* [The task]
Since the listing below shows pictures, leave them out and write out exactly the lines from the line with "Update สำหรับค" to the line with "กราบขออภัยอย่า", both included, and no others.

* [Input for this task]
# # # # #
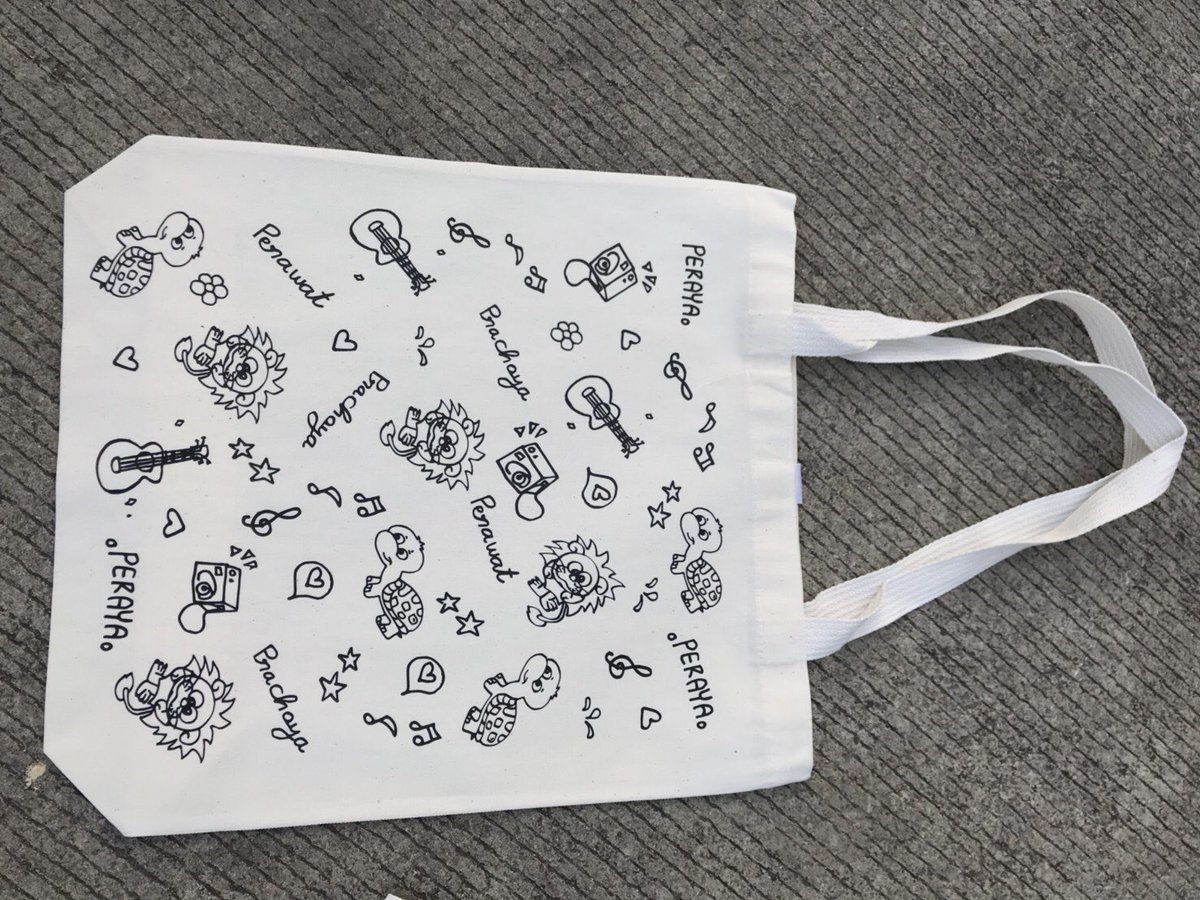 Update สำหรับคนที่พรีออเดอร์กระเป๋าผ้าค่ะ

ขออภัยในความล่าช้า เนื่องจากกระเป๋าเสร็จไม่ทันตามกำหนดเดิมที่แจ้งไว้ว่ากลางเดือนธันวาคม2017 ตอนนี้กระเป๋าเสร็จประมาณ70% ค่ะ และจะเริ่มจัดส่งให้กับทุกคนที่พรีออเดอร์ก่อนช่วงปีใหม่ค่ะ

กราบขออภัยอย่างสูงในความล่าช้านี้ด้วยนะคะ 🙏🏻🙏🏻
# # # # #
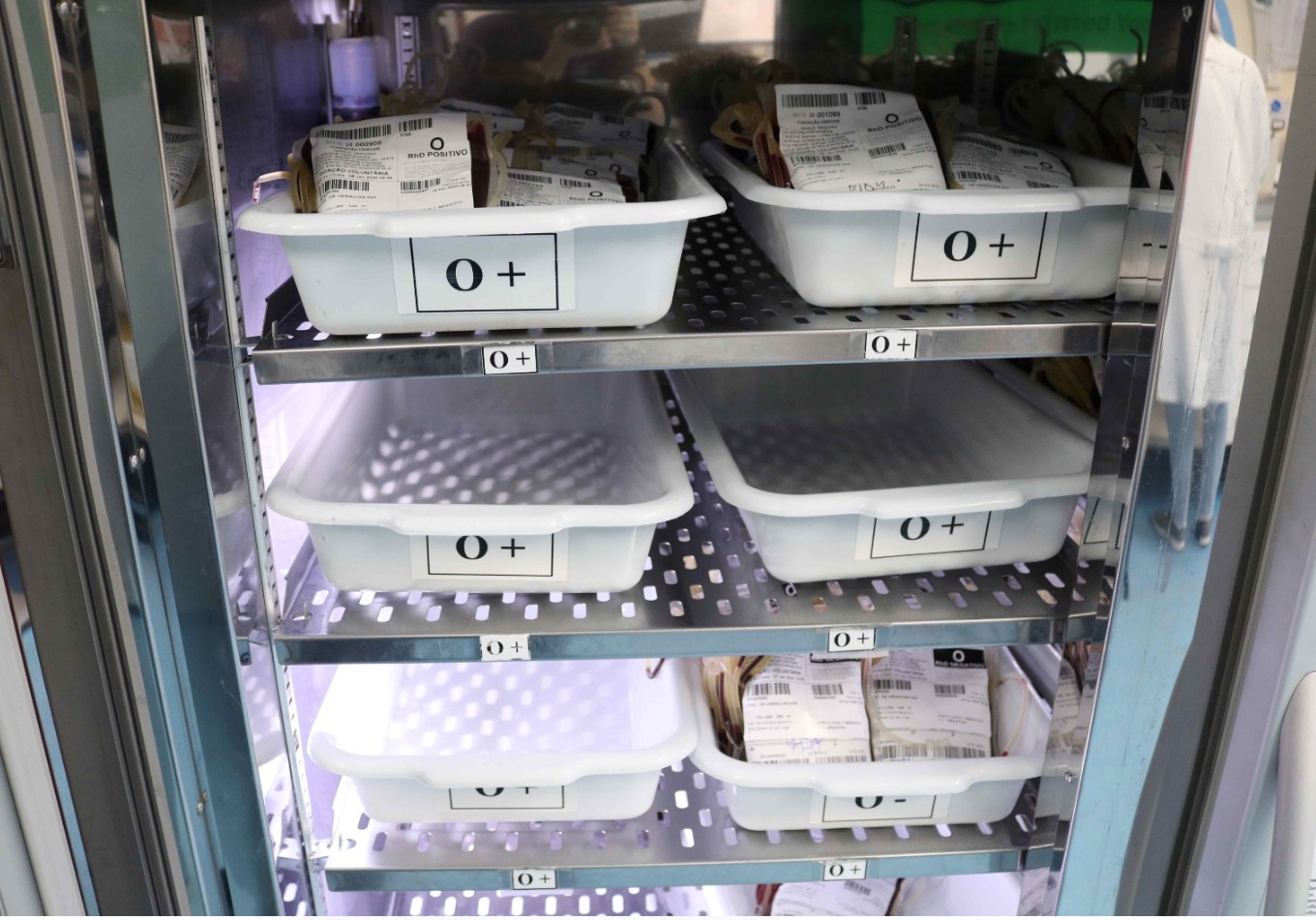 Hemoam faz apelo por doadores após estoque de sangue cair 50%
# # # # #
* [Answer box]
 Update สำหรับคนที่พรีออเดอร์กระเป๋าผ้าค่ะ

ขออภัยในความล่าช้า เนื่องจากกระเป๋าเสร็จไม่ทันตามกำหนดเดิมที่แจ้งไว้ว่ากลางเดือนธันวาคม2017 ตอนนี้กระเป๋าเสร็จประมาณ70% ค่ะ และจะเริ่มจัดส่งให้กับทุกคนที่พรีออเดอร์ก่อนช่วงปีใหม่ค่ะ

กราบขออภัยอย่างสูงในความล่าช้านี้ด้วยนะคะ 🙏🏻🙏🏻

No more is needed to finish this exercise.